The government will tell teachers how to teach the basics as part of a major overhaul of maths and literacy teaching.
The Literacy, Communication and Maths Strategy and Hei Raukura Mō Te Mokopuna launched today are aimed at reversing New Zealand's 20-year decline in maths, reading and writing.
The English-medium strategy promised to "safeguard maths teaching and learning time" and develop a "common practice model" that would ensure teachers in all schools were using approaches to maths and literacy teaching that were proven to work.
Those approaches included the Better Start Literacy programme which emphasised phonics or the sounds different letters make, and less grouping of children according to their perceived ability.

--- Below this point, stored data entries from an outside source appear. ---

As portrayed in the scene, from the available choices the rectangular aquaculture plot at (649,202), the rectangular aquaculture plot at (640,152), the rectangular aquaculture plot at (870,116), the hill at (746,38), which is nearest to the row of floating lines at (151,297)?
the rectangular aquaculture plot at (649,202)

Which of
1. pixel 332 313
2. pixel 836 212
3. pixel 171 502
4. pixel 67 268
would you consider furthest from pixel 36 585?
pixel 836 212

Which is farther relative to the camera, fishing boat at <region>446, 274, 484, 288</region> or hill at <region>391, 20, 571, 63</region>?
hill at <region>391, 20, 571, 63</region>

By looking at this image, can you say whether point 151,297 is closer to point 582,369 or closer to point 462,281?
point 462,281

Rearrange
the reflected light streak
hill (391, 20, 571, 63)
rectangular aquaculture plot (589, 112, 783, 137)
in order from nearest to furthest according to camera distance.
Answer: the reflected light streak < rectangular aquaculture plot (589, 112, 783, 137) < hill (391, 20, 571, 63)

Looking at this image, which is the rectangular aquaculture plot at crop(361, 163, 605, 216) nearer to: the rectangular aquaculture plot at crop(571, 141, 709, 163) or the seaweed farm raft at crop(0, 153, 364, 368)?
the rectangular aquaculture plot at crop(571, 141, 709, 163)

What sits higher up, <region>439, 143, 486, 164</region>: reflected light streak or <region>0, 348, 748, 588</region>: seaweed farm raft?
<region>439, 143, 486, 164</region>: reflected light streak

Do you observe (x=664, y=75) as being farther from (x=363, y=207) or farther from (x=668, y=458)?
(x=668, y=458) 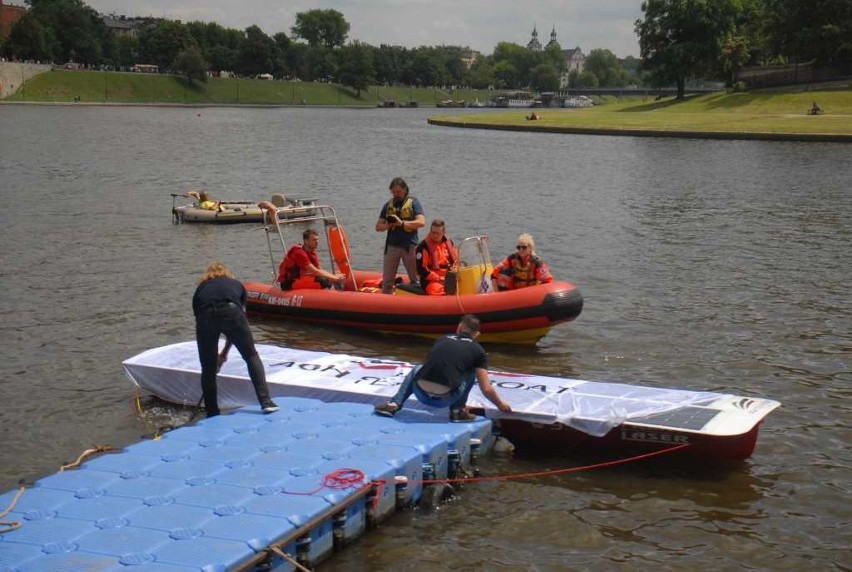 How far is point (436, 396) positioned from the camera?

The strategy would give teachers more guidance about the sequence of learning they should expect to see in their pupils, and develop a specialist maths workforce to work with students who need extra help.
It would also refresh the curriculum and review the tests teachers used to assess how well children were performing
Associate Education Minister Jan Tinetti, herself a former teacher and school principal, said many of the measures were already available but teachers needed training so they could adopt them more widely.
"No teacher I've ever worked with has ever worked with has wanted to be bad in front of a classroom of young people but they need the supports and the resources to lift their practice. They want this but they need to be supported in doing that and we're up for that challenge," she said.
Berhampore School principal Mark Potter said teachers had never stopped using phonics, but he agreed they needed more help finding the most effective teaching strategies.
"There's been a lot of work having to be put in by each school, each teacher to try and make sense of what's out there. What this report is looking at doing is trying to remove a lot of that burden, to actually get some really good qualified, experienced people to pull together a sound, planned idea of progression that means a lot of that burden is not on the school and the individual teachers," he said.
Potter, who is also vice-president of the Educational Institute, said he also liked the strategy's plan to create greater links between the school curriculum and the early childhood curriculum, Te Whāriki.
"That's very important to developing children's literacy," he said.
Berhampore School literacy leader Michelle McCracken said the strategy had come at a time when literacy and numeracy were at the forefront of teachers' thinking.
"It's very much on top for us and very much based on the data that we're gathering about the kids, anecdotally when we have the kids in front of us and the standardised [testing] approaches we're also seeing this worrying trend of low levels of literacy from our children walking in the door but also walking out the door," she said.
McCracken said she was pleased to see the strategy included a system of "safety nets" for learners and evidence-based help for children who struggled, including those problems such as dyslexia.
But she warned that the ministry would not be able to force teachers to use particular teaching methods.
"If the ministry comes at us with like 'these are the seven approved tools that we want you use' there'll be push-back because we'll go 'at our school we use these tools because we see the efficacy in them'. So as long as it's a dialogue between teachers and the ministry," she said.
Wellington's Discovery School principal Kaylene Macnee was at the strategy launch and said she was optimistic that it would work.
"The link to the curriculum, with that happening at the same time the refresh of the curriculum, I'm optimistic that that's going to give us greater clarity for our teachers to know what to teach, when to teach it, how to do it best," she said.